REVIEW: I've been dealing with a head cold, so I figured I'd read something light. At first, this looked like a typical romance, with the slight twist of the firefighter male lead struggling to regain his independence and job after a massive trauma and having to rely a little more on the lady love interest than in some titles. The formula was a little naked (as were the characters, often), but that needn't be an issue. Unfortunately, it was, and it became more of one the longer I read.

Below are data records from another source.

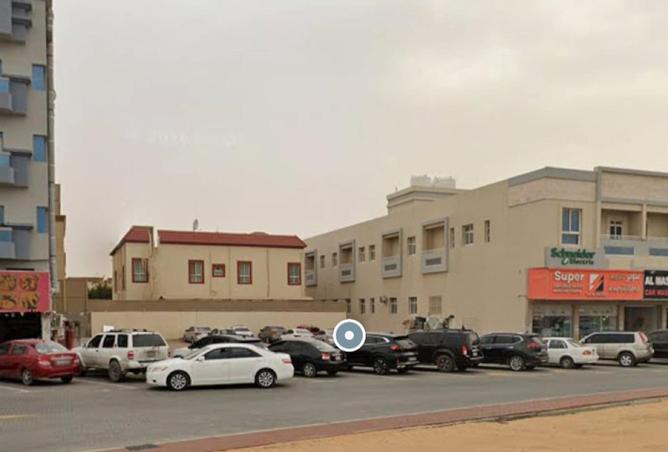 73841941 - Property Image 3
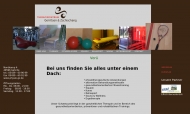 Bild Gerritsen und Zschischang man.Therapie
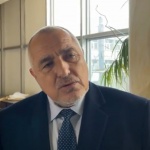 Борисов: Стига са крали, стига им! Държавата не е готова за избори (видео)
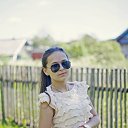 ���� �������@, ������-��� - ��������� 21 ���� 2013 � ������ ���� ����������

Not a single element of this story does not come straight from the cookie cutter drawer of mass market romance series. Every character is described in terms that have been used, almost verbatim, by countless writers before, playing out forced roles. Lady cop Melissa even has the time and money to run a large spread of property complete with three horses; even allowing for the inheritance factor, just when would a cop with a single-minded mission to bring down an untouchable family crime ring find the time to ride and maintain three horses, and how does a cop's salary stretch that far? Clay and Melissa's interactions are riddled with unnatural dialog that spells everything out; they explain things they already know to each other enough times I half-expected them to nickname each other "Bob" (as in "As you know, Bob..."). The other firefighters and cops are a jumble of names - all of them in various relationships that quite clearly were the subjects of previous Sugarland novels, and all of them tending to be generic support staff for the leads. Clay's injuries cease to become a significant plot factor round about the halfway mark, turning him into just another male romance lead. Nefarious Jack Ryan and his goons are cardboard villains, often doing unnecessarily risky and stupid things just because the plot required them to; their brutality becomes muted as a result, seeming more cartoonish than ghoulish. Plot points stand out like shiny tacks on the string of the storyline, which makes numerous graphic trips to the bedroom... trips that, like the rest of the tale, feel bland and composed of snap-together, generic romance language parts, adding little to the characters or the arc. (Of all the scenes to find boring, especially in a romance title, the sex scenes should not be them, but boring they quickly became.) By the end, I was almost snickering to myself as I played Romance Bingo in my head, ticking off worn-out lines and generic descriptors. That's why it ultimately sank below the flat Okay rating I almost gave it.